Il vendolismo di governo

“Il pacchetto sicurezza non basta ma serve”. Quando Nichi Vendola pronunciò queste parole, all’indomani del decreto varato dal governo dopo l’omicidio di Giovanna Reggiani, nel suo partito, Rifondazione comunista, furono in molti a scuotere il capo. A Paolo Ferrero, nel consiglio dei ministri, forse fischiarono le orecchie: «Se fossi ministro – aveva detto il governatore della Puglia – voterei le misure proposte da Amato». Un’affermazione tanto più impegnativa in quanto scandita dalla stessa persona che solo qualche settimana prima aveva protestato contro la prima “offensiva securitaria” germogliata a sinistra: «Il problema non sono i lavavetri», aveva tuonato Nichi contro le iniziative “fiorentine”.

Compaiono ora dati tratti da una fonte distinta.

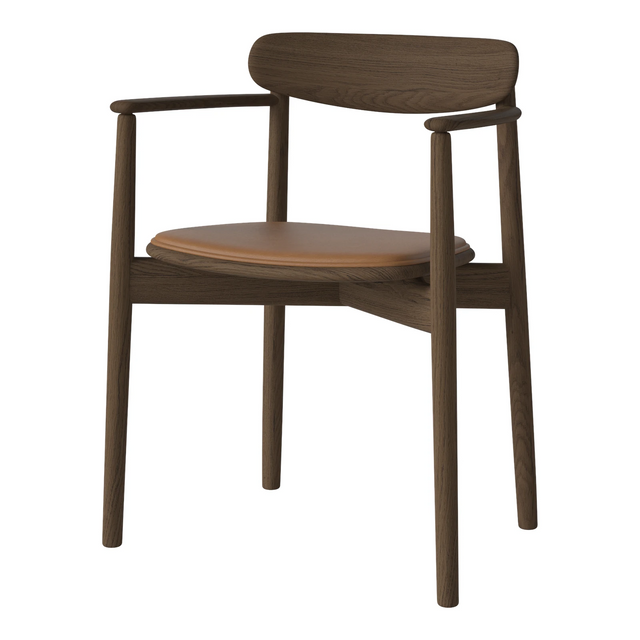 Merge Gepolsterter Esstischstuhl mit Armlehne aus Dunkel geölter Eiche, Sydney by Spoor - Leder, Cognac - ZEN ZONE Furniture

La verità è che ci sono due Nichi Vendola. Il primo è quello che ci consegna l’iconografìa del Vendola “pasoliniano” che identifica il capitalismo con la solitudine, più Benjamin che Marx, più Gramsci che Lenin, l’uomo che mescola comunismo, diversità, afflato religioso, classe operaia e masse, poesia e comizi. L’altro è il Vendola uomo di governo, quello catapultato sulla poltrona di Governatore della Puglia a furor di primarie, era il 16 gennaio 2005, nemmeno lui pensava di vincere ma solo di fare un’ottima figura. Lì è iniziata la metamorfosi di Nichi, da quel momento si è reso conto che – osservazione dalemiana – «non c’è solo il momento della protesta». «Questo mestiere è un calvario – disse in un’intervista – ti senti responsabile di tutto. È entusiasmante quando riesci a indicare un ribaltamento, una prospettiva, è però insopportabile il suo ritmo travolgente, la solitudine». Il Vendola-2 si è dovuto misurare in questi due anni con cose concrete come la vicenda dell’acquedotto pugliese, quando dovette conoscere una delusione. Scelse un’icona dei no global, Riccardo Petrella, come presidente della società che gestisce gli acquedotti pugliesi, lo slogan che questi aveva in mente era più o meno “acqua gratis per tutti”, le solite chimere della sinistra-sinistra che vanno a sbattere contro la realtà. E infatti così avvenne. Vendola lo sostituì con un ingegnere con meno velleità, Ivo Monteforte, chiamato a gestire l’esistente con più razionalità e meno sogni. Oppure la sanità, campo in cui ha lavorato sodo per riportare trasparenza ed efficienza ma dove sarà costretto ad alzare le tasse, a riprova che anche la buona amministrazione costa. Senza compromessi, sull’energia: «Non intendiamo ospitare alcun sito per il deposito delle scorie nucleari», e la storia del rigassifìcatore di Brindisi non si sblocca: «Noi pensiamo, poco “berlusconianamente”, che il futuro sia nell’energia del vento, del sole, dell’idrogeno, delle fonti rinnovabili».
I pugliesi continuano a dargli credito. Innanzi tutto perché Vendola governa onestamente. È uno che ci crede, non è un politicante. E al sud questo fa una certa impressione. Verrà richiamato a Roma? No, resta in Puglia. Per la guida della Cosa rossa – pardon, Sinistra e Arcobaleno – c’è tempo. Bertinotti pensa a lui, e non da oggi: se S&A si presenterà unita alle elezioni avrà bisogno di un capo carismatico, e la stessa cosa pensa Giordano, l’ amico di sempre, i due figiciotti baresi che non seguirono Occhetto sorbendosi le ramanzine di D’Alema che in quel di Puglia contava e conta. Vendola può essere il vero antiWalter. «Mai stato comunista», disse il segretario del Pd. Un «comunista particolare», si definì al contrario Vendola: speculari. E per il Pd una Cosa rossa vendoliana e governista potrebbe essere molto interessante, potrebbe scompaginare lo spartito, potrebbe clamorosamente riaprire il gioco a sinistra. Potrebbe. Perché è tutto da vedere se Diliberto e Pecoraro Scanio accenderanno senza retropensieri la luce verde al progetto, lasciando nel cassetto falci, martelli e soli che ridono. E se saranno disposti a farlo nel segno di Nichita.